There is nothing earth-shattering about “Tower Heist,” but it still works on its own level.
Taking a large and talented cast and adding a simple story that plays to the current financial crisis, the film delivers a solid, crowd-pleasing action comedy.
The large cast includes Ben Stiller as Josh, the manager of a Trump Tower-like high-rise with some of New York’s wealthiest residents.
This includes Arthur Shaw (Alan Alda), a Bernie Madoff-type investor who is under investigation by the FBI for fraud.
Josh learns that the fraud includes Arthur swindling most of the staff out of their retirement funds and decides to get revenge. Enlisting the help of several employees (Casey Affleck, Michael Pena, Gabourey Sidibe), a former resident of the building (Matthew Broderick) and a neighborhood thief (Eddie Murphy), Josh hatches a plan to break into Arthur’s apartment and steal back the money Arthur stole from the employees.
“Tower Heist” has a pretty familiar feel to it, but it works thanks in large part to the cast. All play their respective roles well and seem to be having fun. Alda is really good, while Broderick, Stiller and Affleck are solid as well.
But the film belongs to Murphy, who delivers his best live-action comedy performance since “Bowfinger.” Murphy channels his Axel Foley from “Beverly Hills Cop” and Reggie Hammonds from “48 Hours” here, stealing every scene he is in as the fast-talking petty thief Slide.
When Murphy is on screen, “Tower Heist” really sizzles. But even when Murphy isn’t around (which is most of the movie), “Tower Heist” is still good enough to satisfy moviegoers looking for a mildly entertaining comic diversion.
This week’s dandy is the dream-like indie drama “Bellflower” (A), a challenging piece of work written, directed and starring Evan Glodell that has been called a cross between a John Hughes film and “Mad Max.”
That simple description doesn’t serve it justice. This is a special piece of work that engages, shocks and fascinates. It’s one of the best movies I’ve seen in 2011.
“Bellflower” starts out simple enough. Woodrow (Glodell) and Aiden (Tyler Dawson) are best friends who build flame throwers and a muscle car in preparation for a possible apocalypse. One night Woodrow meets Milly (Jessie Wiseman) at a bar, and it is love at first sight. The pair embark on one of the most original first dates ever, a road trip from California to Texas for dinner at a greasy roadside dinner, which sets the stage for a blossoming romance.

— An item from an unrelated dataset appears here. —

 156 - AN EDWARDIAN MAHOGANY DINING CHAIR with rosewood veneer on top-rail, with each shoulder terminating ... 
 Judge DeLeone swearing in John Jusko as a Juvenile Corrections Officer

In the opening days of their relationship, Milly tells Woodrow, “You don’t want me to be your girlfriend, because I will hurt you.” As “Bellflower” progresses, her comment becomes prophetic, with the relationship deteriorating into a dark - and possibly violent - direction.
This is refreshing and original - leaving you off balance with its unorthodox approach. With its grainy sepia tones, there is a sense of reality being blurred that becomes important in the film’s second half. The result is a narrative structure that is at times confusing and somewhat unclear, but it demands your attention because you have no idea where it is going.
“Bellflower” starts out as a sweet and tender love story, where you really start to develop an interest for the characters and their relationship. It then dissolves into something much more tragic and dark, a shift that is sure to turn off some viewers.
That shift in tone, and narrative, will definitely leave some cold and confused by what transpires and unsure how it all fits together.
I still have my doubts about the conclusion, which I found perplexing yet satisfying. After reflection, I realized that dark pit in my stomach I felt during the second half wasn’t because I didn’t like the abrupt shift from sweet romance to a tragic and brutally violent series of moments that challenge the audience. It was because I cared so much about what happened to these people, that it hurt me to watch them hurt. It takes a pretty powerful piece of work to make you care that much, but “Bellflower” succeeds.
“Bellflower” is rated R for disturbing violence, some strong sexuality, nudity, pervasive language and some drug use, and will be available Tuesday on DVD.